Doug McMillon, Wal-Mart’s CEO, told CNBC Thursday morning that the idea behind the move is aimed at running a really good business. He says more engaged employees would improve customer service.
“We want to provide a great customer experience and we want our associates to know how much we value them,” McMillon said.
Experts have speculated there’s a corporate image element to the decision, and the company is making a good public relations move in light of recent criticism about its wages.
“Sounds generous at first, but I think they’re just trying to get ahead of the curve,” University of St. Thomas Department of Finance Professor Dave Vang said. “The minimum wage is going to go up eventually one way or another. And so if they can be there ahead of time, it gives them good PR. It also gives them a little bit of more, I suppose, political leverage because frequently they have a history of individuals wanting them to unionize.”

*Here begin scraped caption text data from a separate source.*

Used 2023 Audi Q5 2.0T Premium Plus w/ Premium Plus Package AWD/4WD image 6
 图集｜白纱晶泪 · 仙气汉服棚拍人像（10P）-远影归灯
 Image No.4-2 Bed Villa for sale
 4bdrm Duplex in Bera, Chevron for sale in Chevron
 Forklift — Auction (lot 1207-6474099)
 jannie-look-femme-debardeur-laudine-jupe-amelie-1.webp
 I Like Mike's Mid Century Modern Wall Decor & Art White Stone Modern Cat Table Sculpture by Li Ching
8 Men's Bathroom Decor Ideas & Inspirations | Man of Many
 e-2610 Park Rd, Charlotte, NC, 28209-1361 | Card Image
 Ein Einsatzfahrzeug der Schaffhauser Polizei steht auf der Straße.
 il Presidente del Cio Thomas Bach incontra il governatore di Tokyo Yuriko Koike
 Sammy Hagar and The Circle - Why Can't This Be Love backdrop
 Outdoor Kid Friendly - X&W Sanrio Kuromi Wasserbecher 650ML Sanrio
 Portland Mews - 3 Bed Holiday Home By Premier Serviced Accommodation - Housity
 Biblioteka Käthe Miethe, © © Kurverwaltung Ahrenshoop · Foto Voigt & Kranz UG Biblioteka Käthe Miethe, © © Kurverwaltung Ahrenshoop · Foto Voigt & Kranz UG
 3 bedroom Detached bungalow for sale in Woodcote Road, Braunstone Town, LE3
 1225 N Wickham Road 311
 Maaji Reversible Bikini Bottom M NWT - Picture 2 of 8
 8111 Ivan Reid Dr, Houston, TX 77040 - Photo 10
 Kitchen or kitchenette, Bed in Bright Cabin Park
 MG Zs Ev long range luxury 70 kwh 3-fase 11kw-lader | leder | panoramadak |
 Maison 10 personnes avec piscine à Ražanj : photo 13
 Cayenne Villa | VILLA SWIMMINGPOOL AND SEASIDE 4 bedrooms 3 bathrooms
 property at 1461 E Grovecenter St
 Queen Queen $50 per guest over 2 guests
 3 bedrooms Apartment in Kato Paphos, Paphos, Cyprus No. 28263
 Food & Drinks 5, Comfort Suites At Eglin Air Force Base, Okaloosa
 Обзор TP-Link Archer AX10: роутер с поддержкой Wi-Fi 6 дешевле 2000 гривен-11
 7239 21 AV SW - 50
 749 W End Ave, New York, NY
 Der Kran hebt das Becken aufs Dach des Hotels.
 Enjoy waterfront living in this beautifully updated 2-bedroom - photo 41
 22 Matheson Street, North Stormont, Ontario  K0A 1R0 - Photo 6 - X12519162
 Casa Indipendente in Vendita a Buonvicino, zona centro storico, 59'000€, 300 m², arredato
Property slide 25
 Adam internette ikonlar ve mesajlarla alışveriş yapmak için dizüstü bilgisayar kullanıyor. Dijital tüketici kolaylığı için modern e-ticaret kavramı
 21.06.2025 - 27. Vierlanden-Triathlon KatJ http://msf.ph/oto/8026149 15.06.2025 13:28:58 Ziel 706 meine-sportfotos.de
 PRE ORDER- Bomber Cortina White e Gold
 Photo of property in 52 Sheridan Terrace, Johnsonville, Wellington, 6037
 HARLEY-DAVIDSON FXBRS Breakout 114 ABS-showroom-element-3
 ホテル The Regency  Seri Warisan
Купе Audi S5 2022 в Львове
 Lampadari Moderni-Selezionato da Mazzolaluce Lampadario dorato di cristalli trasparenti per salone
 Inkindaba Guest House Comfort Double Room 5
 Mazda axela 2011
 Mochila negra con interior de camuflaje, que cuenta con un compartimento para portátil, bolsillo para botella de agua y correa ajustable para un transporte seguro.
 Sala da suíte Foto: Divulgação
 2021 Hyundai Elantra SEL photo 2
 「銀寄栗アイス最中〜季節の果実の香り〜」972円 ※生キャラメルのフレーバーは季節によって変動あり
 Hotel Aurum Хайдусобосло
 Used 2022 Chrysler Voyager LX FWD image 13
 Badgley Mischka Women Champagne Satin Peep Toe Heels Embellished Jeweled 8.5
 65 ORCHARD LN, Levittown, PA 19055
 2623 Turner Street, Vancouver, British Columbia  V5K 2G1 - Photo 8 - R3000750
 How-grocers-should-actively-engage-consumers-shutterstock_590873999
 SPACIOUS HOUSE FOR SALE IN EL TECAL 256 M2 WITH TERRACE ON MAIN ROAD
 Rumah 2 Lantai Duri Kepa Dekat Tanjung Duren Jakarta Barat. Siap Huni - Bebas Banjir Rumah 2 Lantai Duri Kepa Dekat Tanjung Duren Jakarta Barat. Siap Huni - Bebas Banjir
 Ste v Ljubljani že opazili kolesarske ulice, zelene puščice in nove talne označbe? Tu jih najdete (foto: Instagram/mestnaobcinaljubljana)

As the economy continues to improve, the job market has been tightening, making competition for workers fiercer, especially in the retail market.
“They kind of compete for the same labor pool as some smaller retailers, and so this kind of gives them an edge against them,” Vang said.
He says the move will ultimately help reduce turnover. After Gap first announced its wage increase, the company said its Old Navy job applications jumped 20 percent.
In June, Gap CEO Glenn Murphy told CBS This Morning, “Our instincts are that when it’s all said and done, this is a race for talent.”
In 1914, Henry Ford raised wages to $5 per day. He later said he did it to increase his employees’ buying power, which would in turn make them better Ford customers.
“He was a brilliant business mind, but he wasn’t necessarily always truthful,” Vang said. “The math isn’t going to work out, but it was a nice way to keep unions from entering into his industry at that point in time and it was a way to cut down on the turnover.”
Professor Vang says the higher pay at Walmart could force other companies to also give raises.